AIM OF THE EXERCISE:
Pictures must not appear in the copy. Reproduce exactly, and only, the lines from the one with "-大岛日本料理铁板烧(南通大饭店)" through the end of the data below.

[Opening RECORDS FOR THIS EXERCISE section]

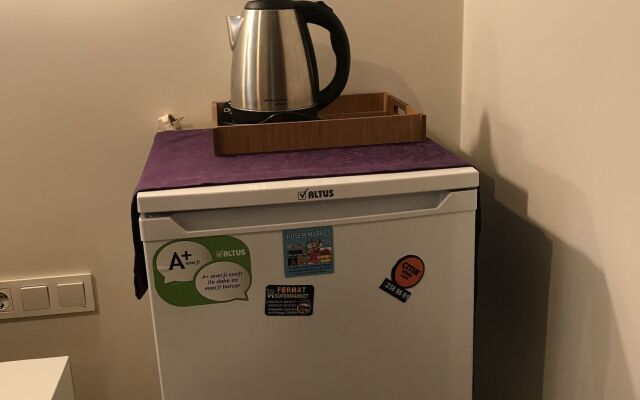 Taksim Soushian Hotel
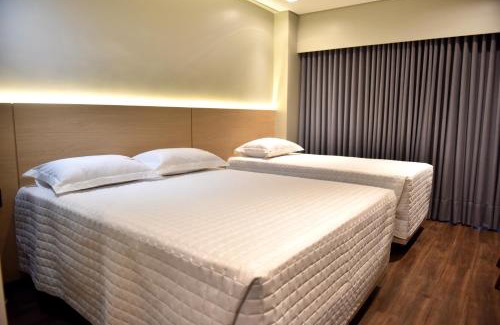 Lajeado Hotel | Vallér Parque Hotel Executive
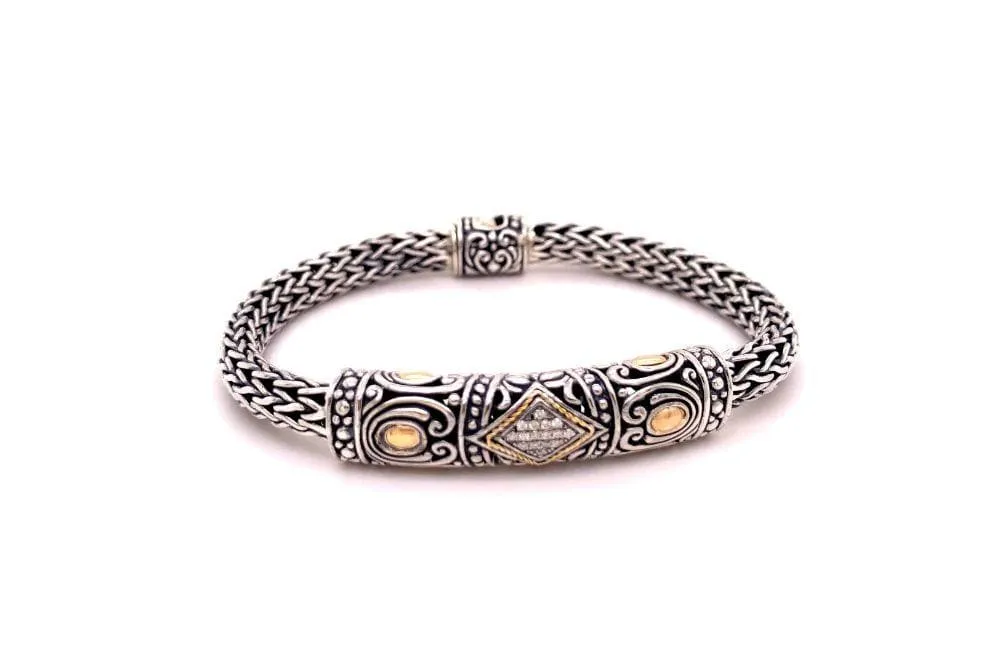 Athena Bracelet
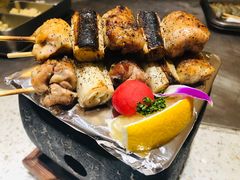 -大岛日本料理铁板烧(南通大饭店)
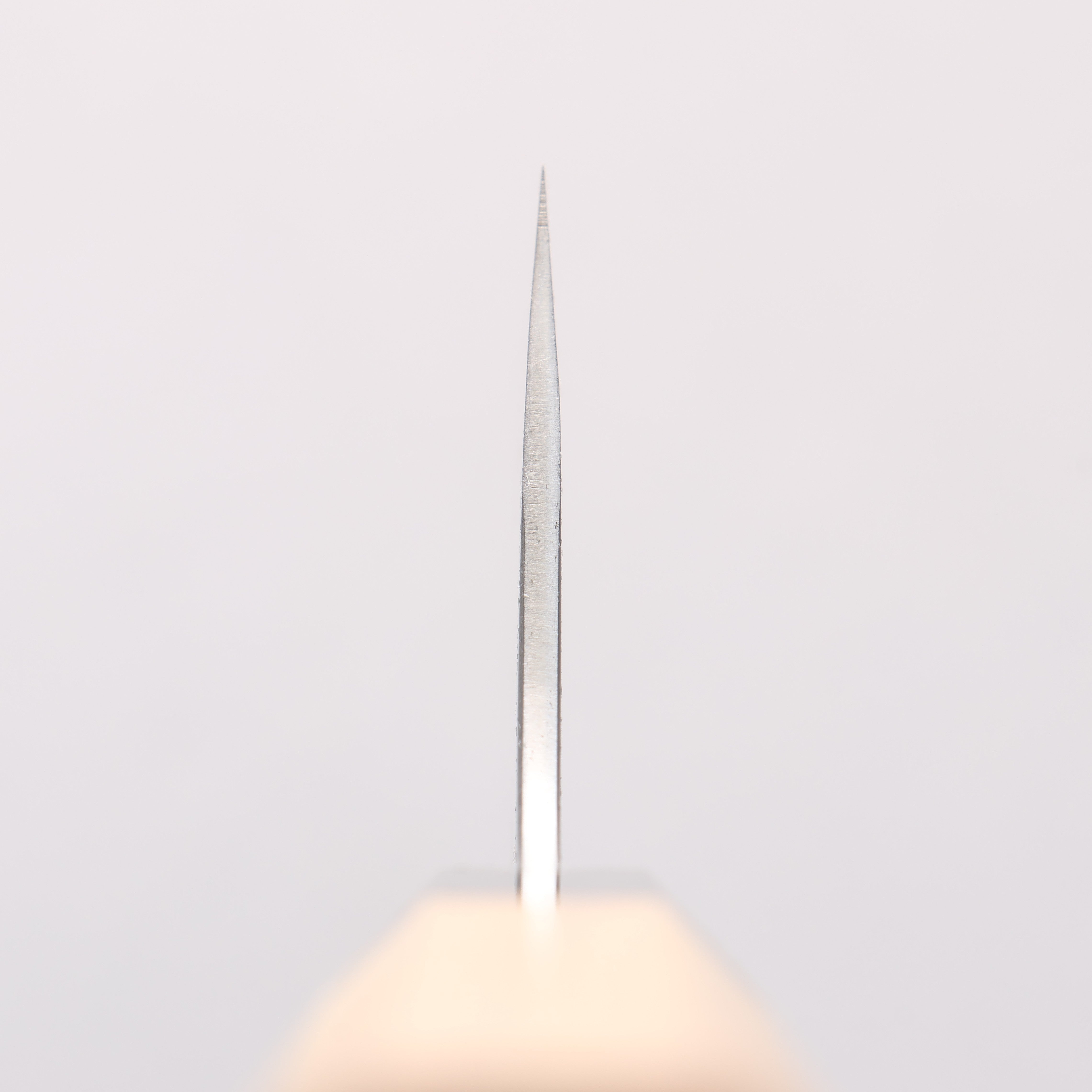 Sakai Takayuki Homura Kogetsu Blue Steel No.2 Gyuto 240mm Yew Tree Handle - Seisuke Knife
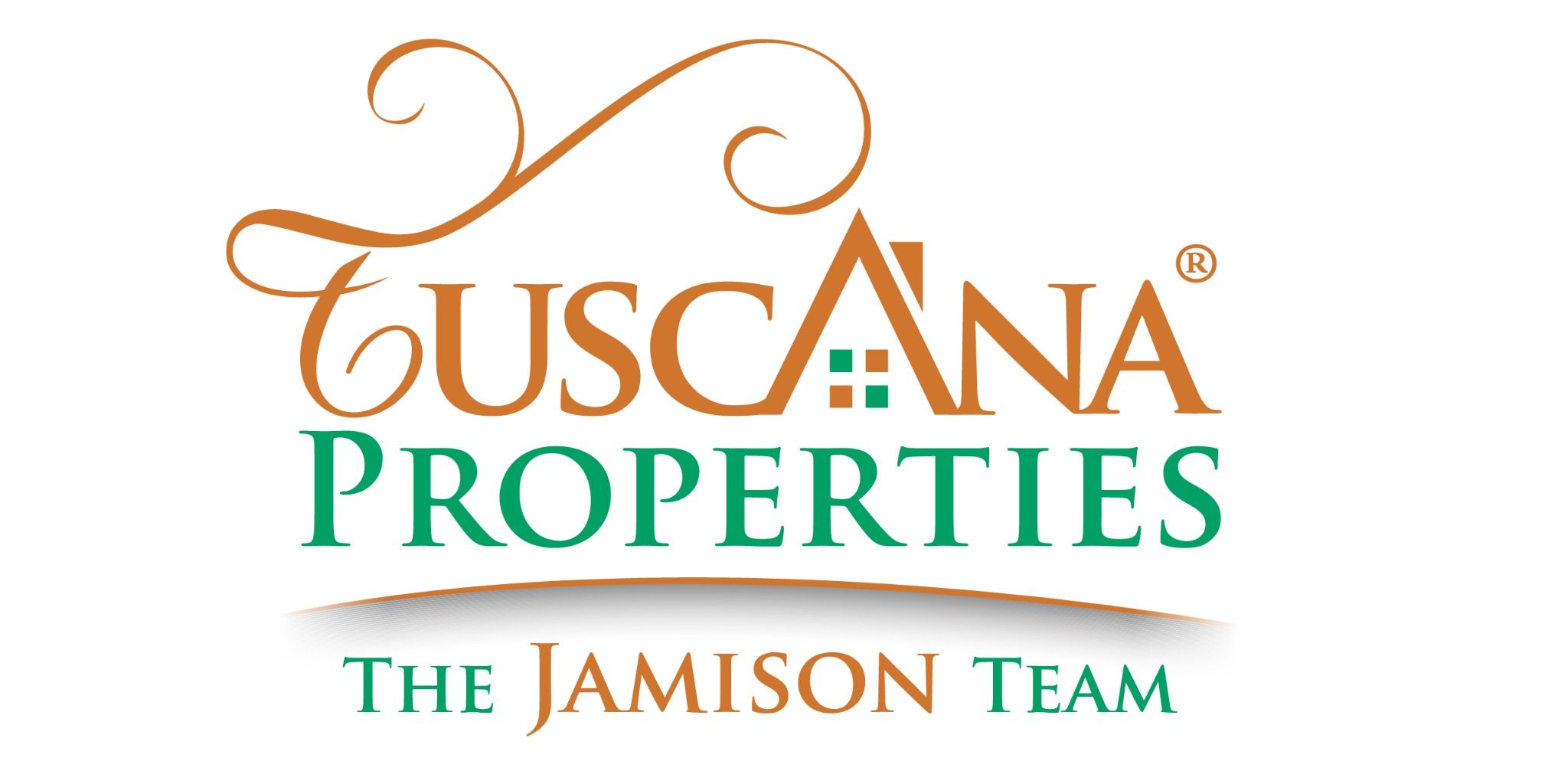 The Jamison Team - Tuscana Properties
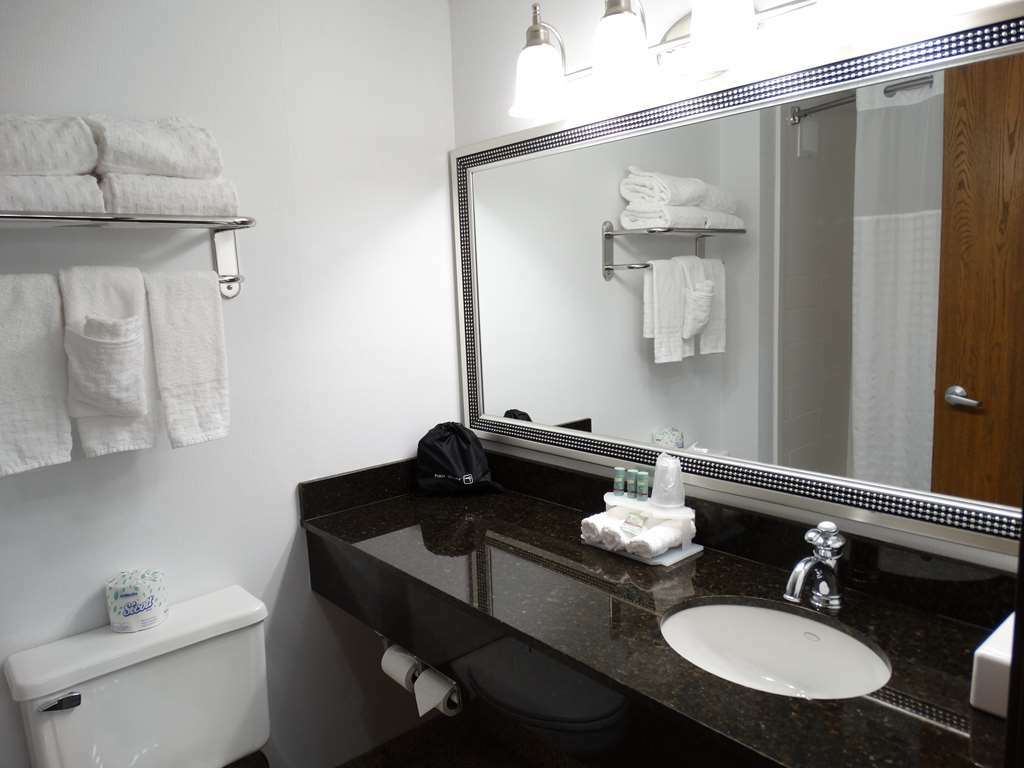 Best Western Gaylord Quarto foto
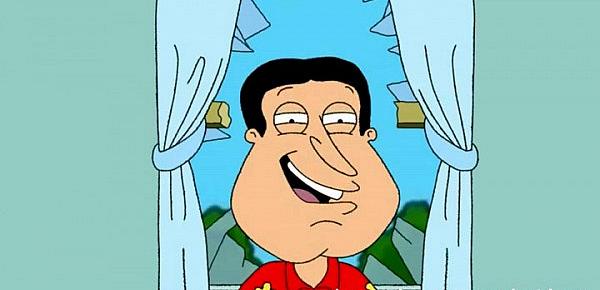  Family Guy Hentai - 50 shades of Lois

[Closing RECORDS FOR THIS EXERCISE section]

ANSWER BOX:
 -大岛日本料理铁板烧(南通大饭店)
 Sakai Takayuki Homura Kogetsu Blue Steel No.2 Gyuto 240mm Yew Tree Handle - Seisuke Knife
 The Jamison Team - Tuscana Properties
 Best Western Gaylord Quarto foto
  Family Guy Hentai - 50 shades of Lois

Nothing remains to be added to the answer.